In [22]:
import pandas as pd
from prophet import Prophet
from sklearn.metrics import mean_squared_error
import numpy as np
from sklearn.model_selection import train_test_split
from data_extraction.dummy_data_extractor import extract_dummy_data

def prophet_forecasting(df, length_of_missing_data, data_logging_interval, dqStart):
    """
    Function to perform time series forecasting using Prophet.

    Parameters:
    - df: DataFrame, input data with columns ['ts', 'temp', 'new_point']
    - length_of_missing_data: int, length of missing data
    - data_logging_interval: int, data logging interval
    - dqStart: not used in the function but kept for consistency with the original signature

    Returns:
    - df: DataFrame with predictions for all rows with missing columns.
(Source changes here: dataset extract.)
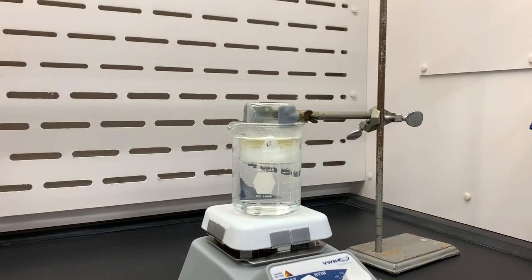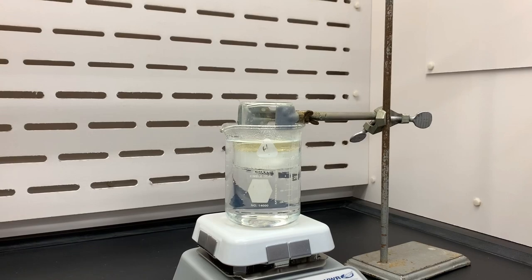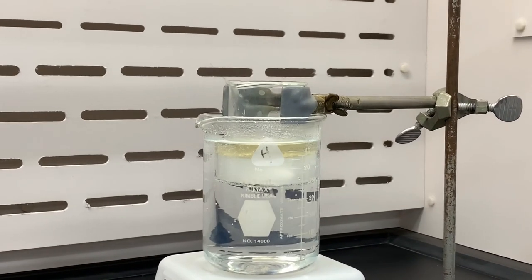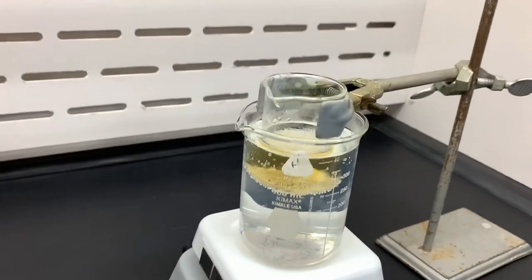Here you should be able to see the two layers — the oil layer on top and then the aqueous layer on the bottom. And after a while, and with good stirring, the layers go away. This is because the reaction is proceeding, and now they're not two separate distinct layers because of their polarities.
Index names as ts.
    """
    df = extract_dummy_data("dummy_data")
    df = df.at[0, "his"]
    mt = df.set_index(["ts"])

    # Tag and filter rows with missing
    mt["status"] = mt.isna().any(axis=1)
    mt_predict = mt[mt["status"] == 1]
    X_predict = mt_predict.iloc[:, 0:1]

    # Filtered master table
    mt_train = mt.dropna()

    # Separate data for temperature
    df_temp = mt_train[['temp']].reset_index().rename(columns={'ts': 'ds', 'temp': 'y'})

    # Ensure 'ds' column is timezone-naive
    df_temp['ds'] = df_temp['ds'].dt.tz_localize(None)

    # Calculate periods based on length_of_missing_data and data_logging_interval
    periods = int(length_of_missing_data / data_logging_interval) + 1

    # Split the data into training and testing sets
    train_temp, test_temp = train_test_split(df_temp, test_size=0.2, shuffle=False)

    # Initialize Prophet model with tuned hyperparameters
    model_temp = Prophet(seasonality_mode='additive', interval_width=0.95, changepoint_prior_scale=0.00001)

    # Fit the model
    model_temp.fit(train_temp)

    # Create future DataFrame for temp
    future_temp = model_temp.make_future_dataframe(periods=periods, freq=f'{data_logging_interval}T')

    # Predict the future values for temp
    forecast_temp = model_temp.predict(future_temp)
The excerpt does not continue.